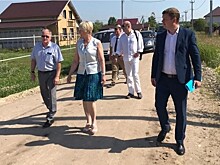 Дорогу, отремонтированную жителями слободы Талица, восстановят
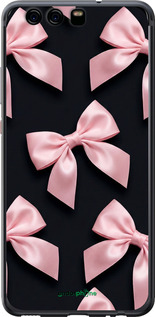 2D пластиковый чехол Coquette Ribbons Dark Coquette для Huawei P10 - 6767t-780 изображение 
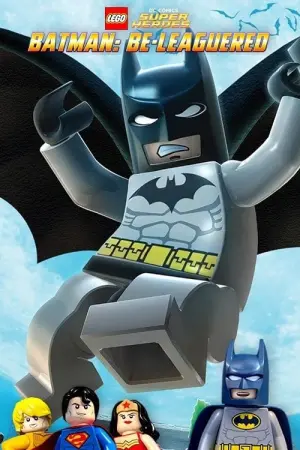 Poster to the movie "LEGO DC Comics Super Heroes: Batman Be-Leaguered" #133404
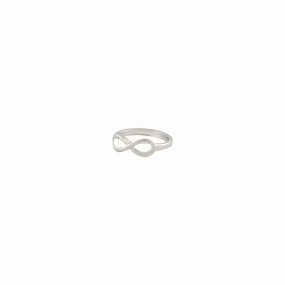 Silver Infinity Classic Ring Graduation Day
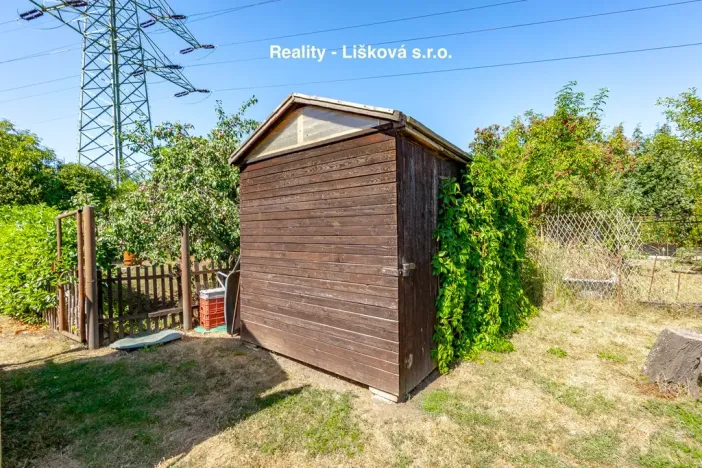 Prodej zahrady, Ústí nad Labem, Habrovická, 573 m2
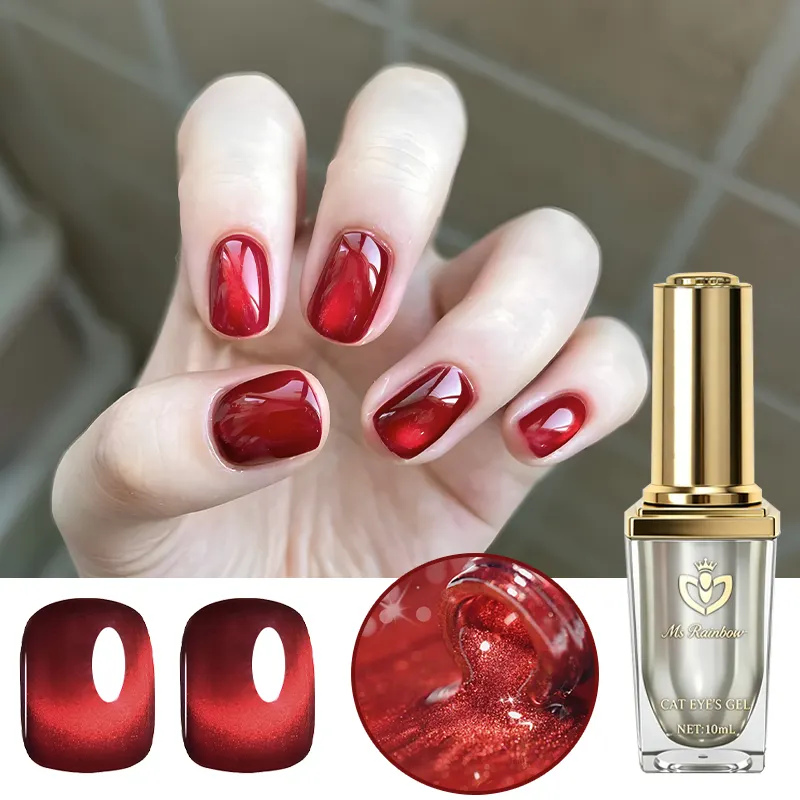 Ms Rainbow Starry Series Cherry Red Magnetic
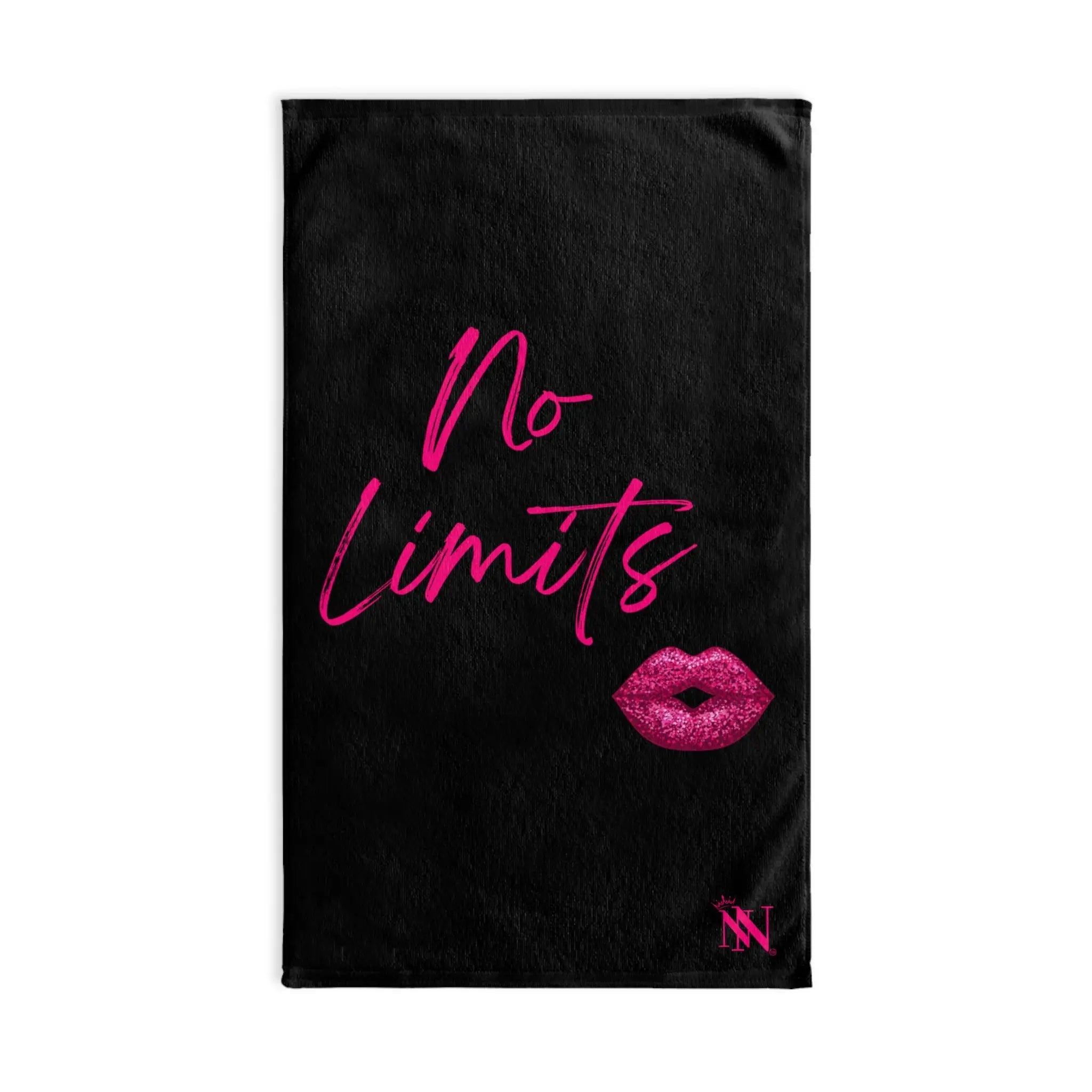 No Limits Kiss Mark Cum Towel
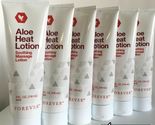 6 Pack Forever Aloe Heat Lotion (6x4oz) Soothing Massage  Lotion Exp 2025 - £56.05 GBP
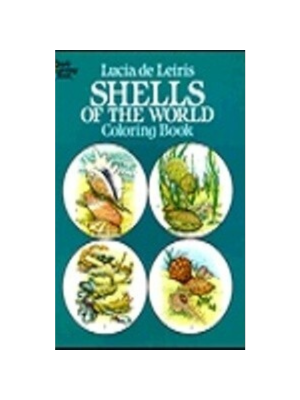 Shells of the World (Coloring Book)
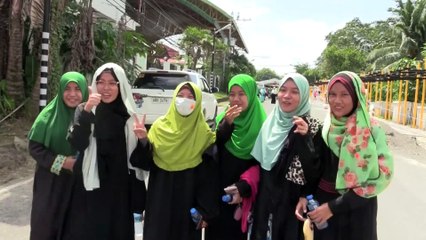 (TEKRAR) Filipinler Devlet Başkanı Duterte'den 'evet' oyu çağrısı - COTABATO CITY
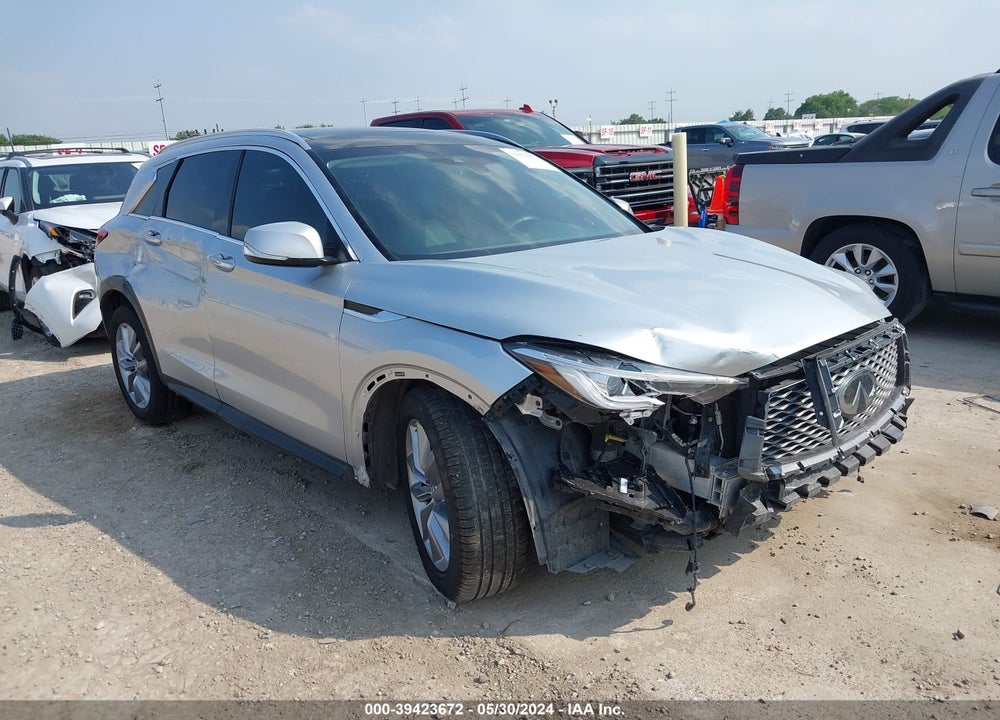 2021 INFINITI QX50 LUXE VIN: 3PCAJ5BA6MF123863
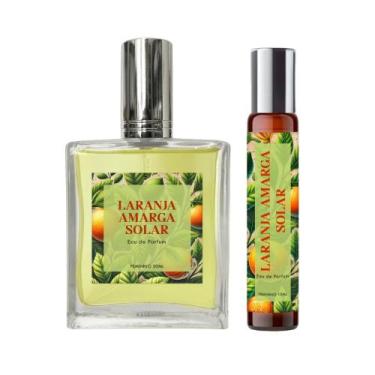 Imagem de Perfume Laranja Amarga Solar Feminino 50Ml + Roll On 10Ml - Essência D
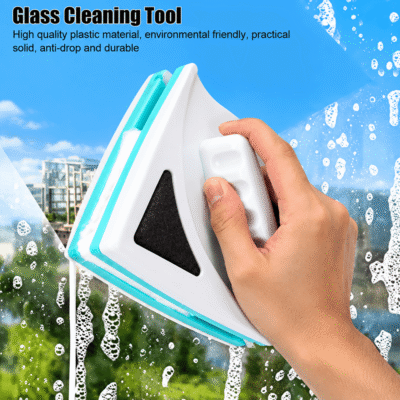 Magnetic Glass Cleaning Brush – ম্যাগনেটিক গ্লাস ক্লিনিং ব্রাশ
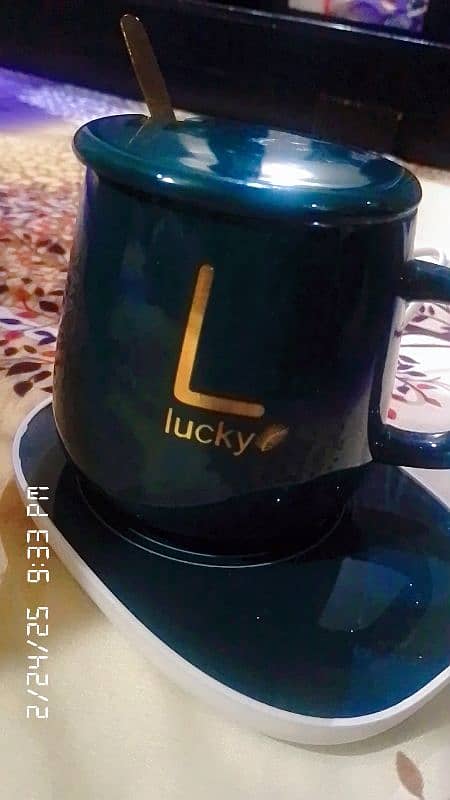 new untouch coffee mug and hotter 5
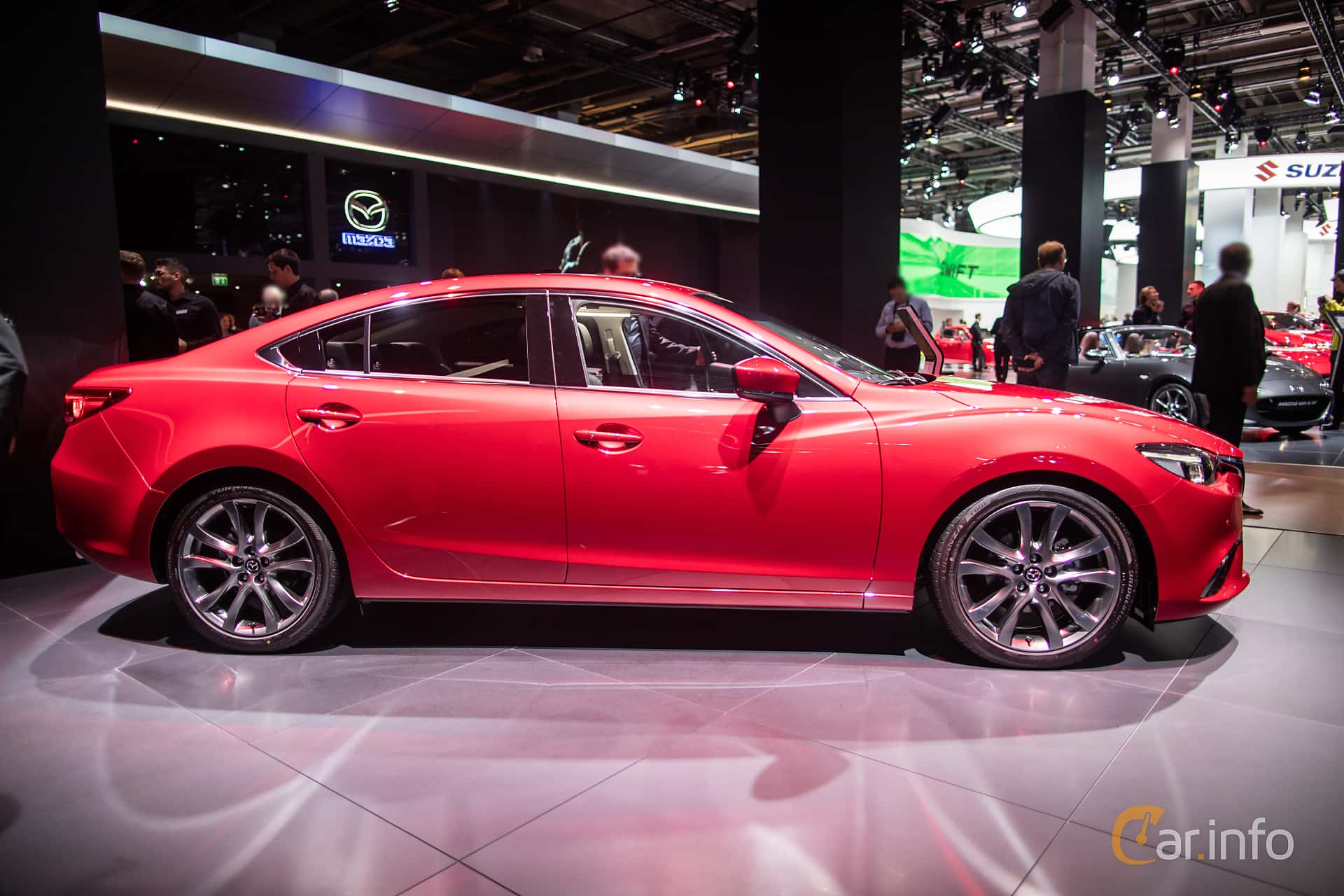 Mazda 6 Sedan 2.2 SKYACTIV-D 150hp, 2018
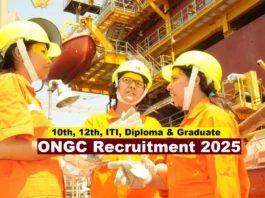 ONGC Recruitment 2025
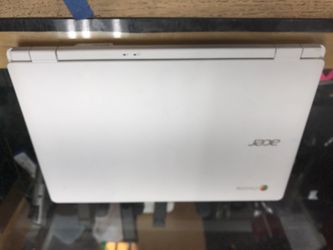 Acer Chromebook White Laptop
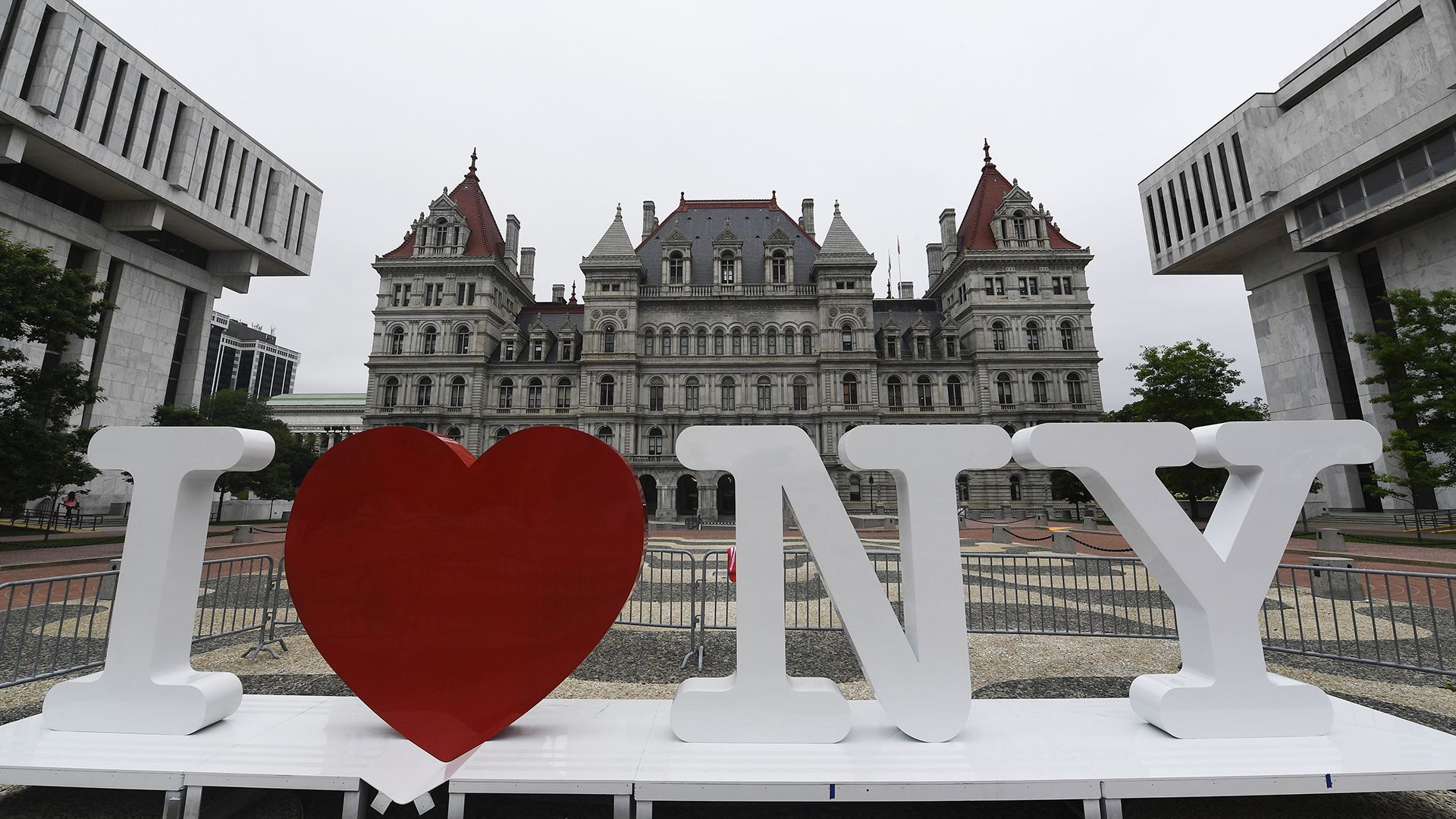 1920x1080 Designer Behind I Heart NY Logo Dead At 91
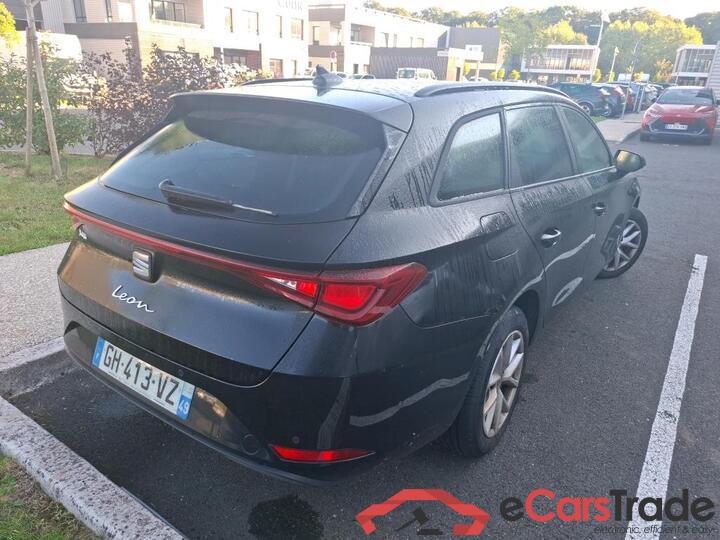 Seat Leon 2.0 TDI 150Hp Style Aut. LED-Xenon Virtual Navi-Pro KeylessGo Camera Klima PDC ... #3
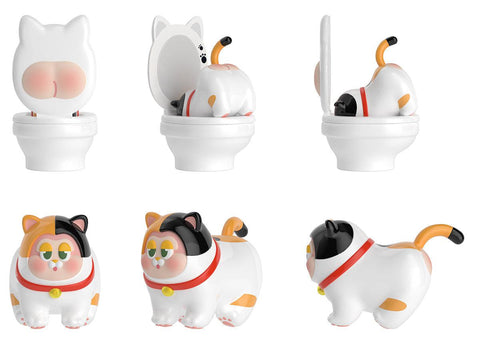 WOOO THE SLLO LOST CAT SERIES TRADING FIGURE (1 Random)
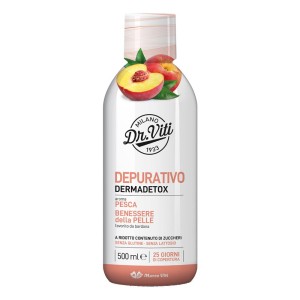 depurativo dermadetox pes500ml bugiardino cod: 945122202 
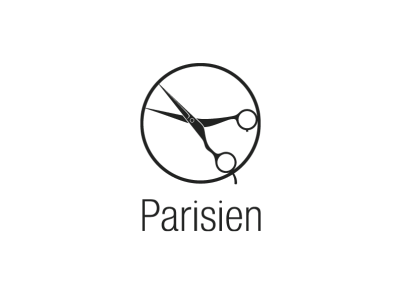 Studio Parisien logo - realizace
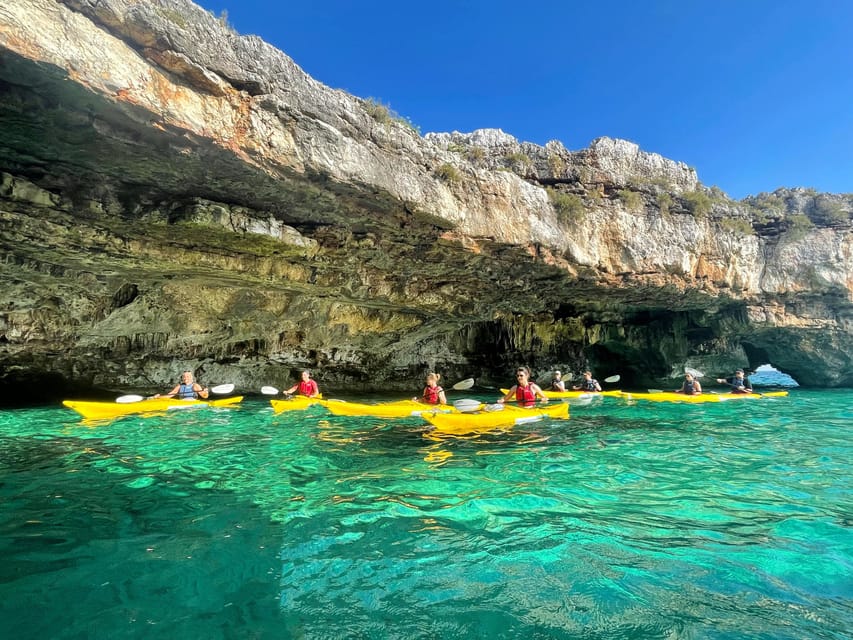 Leuca kayak tour + swimming + speleo-trek in cave - Practical advice before you go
──────────────────────────────
## AIM OF THE EXERCISE
I would like an exact copy of the lines from the one holding "Magnetic Glass Cleaning" through the last line of the entries above, with the pictures left out.

## RESPONSE
 Magnetic Glass Cleaning Brush – ম্যাগনেটিক গ্লাস ক্লিনিং ব্রাশ
 new untouch coffee mug and hotter 5
 Mazda 6 Sedan 2.2 SKYACTIV-D 150hp, 2018
 ONGC Recruitment 2025
 Acer Chromebook White Laptop
 1920x1080 Designer Behind I Heart NY Logo Dead At 91
 Seat Leon 2.0 TDI 150Hp Style Aut. LED-Xenon Virtual Navi-Pro KeylessGo Camera Klima PDC ... #3
 WOOO THE SLLO LOST CAT SERIES TRADING FIGURE (1 Random)
 depurativo dermadetox pes500ml bugiardino cod: 945122202 
 Studio Parisien logo - realizace
 Leuca kayak tour + swimming + speleo-trek in cave - Practical advice before you go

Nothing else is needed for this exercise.